The grey sections deal with commercial protectors which we expect to be less frequently used by attackers. An excellent AV/AT scanner should nevertheless provide unpacking support for them. If one of the "grey" protectors becomes easily available we will move it from the grey to the red section.

With respect to the grey sections our performance ratings have the following meaning: ( - ) = decompression not supported, ( 0 ) = unclear or no reliable decompression support, ( + ) = decompression supported.

Currently, the grey section encompasses the following protectors: JD Protect, Obsidium, Peetles, PE Lock, SVK Protect, Thinstall, UltraProtect (the predecessor of AC Protect), Xtreme Protector.


-- TOTAL --

This number is included for verification purposes. In addition to scanning individual sections we also perform a scan of the entire malware archive. The total score, which results from the scan of the entire archive, must be equal to the sum of the detected malware samples contained in each individual section.

A very low total score will indicate at first glance that a scanner is unsuitable for detecting non-replicating malware.

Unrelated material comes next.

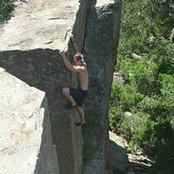 Foto de Caleb Mackey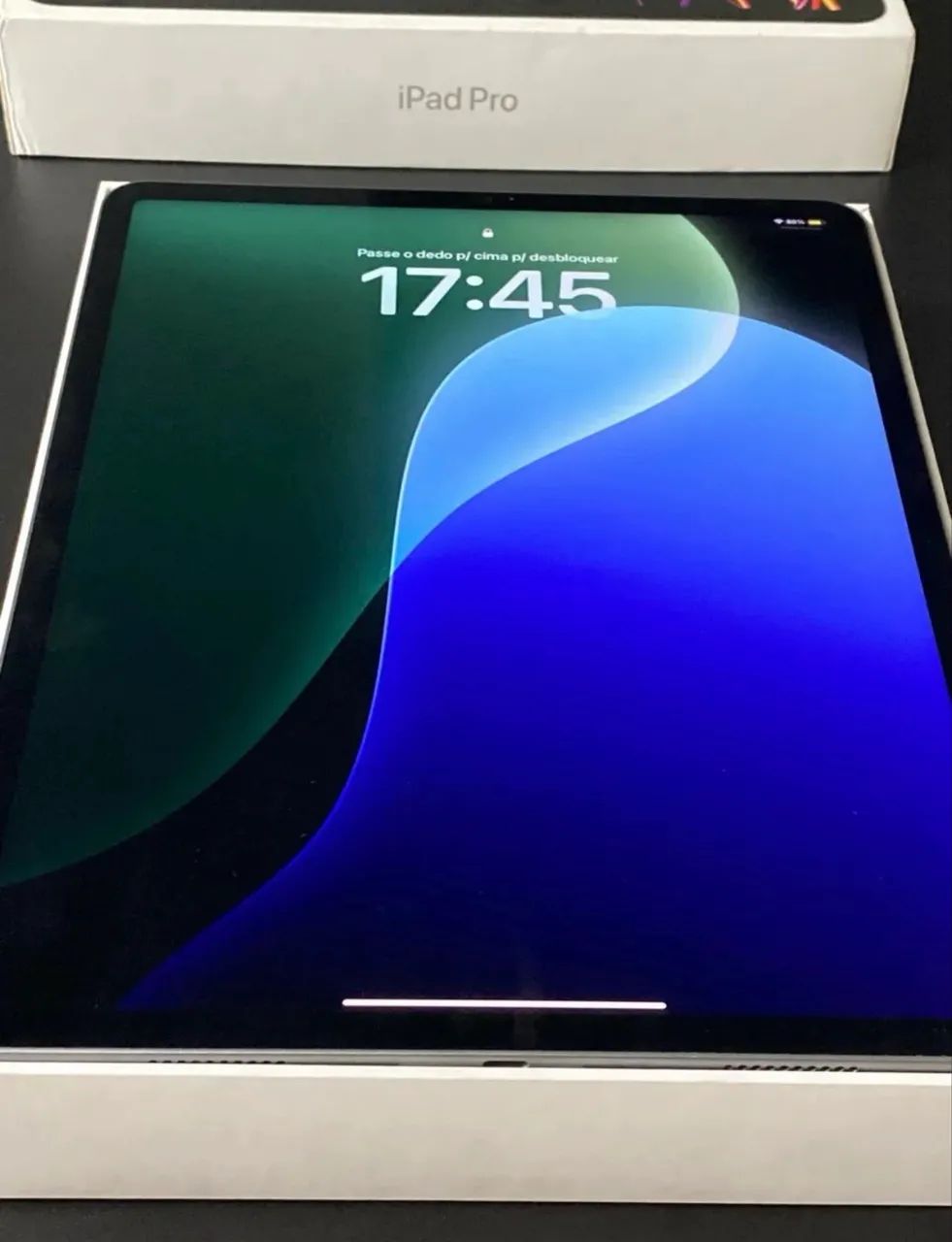 NOVÍSSIMO iPad Pro M2 - 11 pol. - Wifi - Foto 3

Please note, however, that a high total score does not necessarily indicate that a scanner performs well. For example, a scanner which uses insecure signatures taken from the resource section may archieve a high total score because our malware archive contains only a few samples whose resource section was modified. A scanner which uses a lot of special signatures for compressed/crypted trojans may also achieve a relatively high total score although it does not feature a sophisticated unpacking engine. Therefore, it is necessary to analyze the test results in detail.


5. Additional Tests


Last but not least, we performed additional tests with special test archives (containing different malware samples) if we deemed such tests necessary to analyze the special characteristics of a scanner or to get to the root of a problem. For instance, we performed tests with outdated signatures if we had the feeling that a scanner uses special signatures for compressed/crypted malware samples or if we wanted to examine the performance of a scanner's heuristic engine. The exact procedure of any additional tests will be described in the individual test reports.


6. Disclosure Policy

This site is a security site and not a hacker site. Therefore, we generally do not disclose any information which has not already been discussed in the VX/trojan scene. If we disclose information which may be new to members of the VX/trojan scene we do not provide any details. (The details can be made available to AV/AT software producers upon request.)


7. Submission Policy

We do not submit compressed, crypted, patched or otherwise modified malware samples to AV/AT software producers anymore. This is because we made the experience that most software producers do not use the samples to add decompression support, OEP filters etc. They simply add special signatures for our zoo samples which ameliorate the test results but do not increase security. We still submit tools (compressors, crypters, OEP tools etc.) and non-modified malware samples to AV/AT software upon request.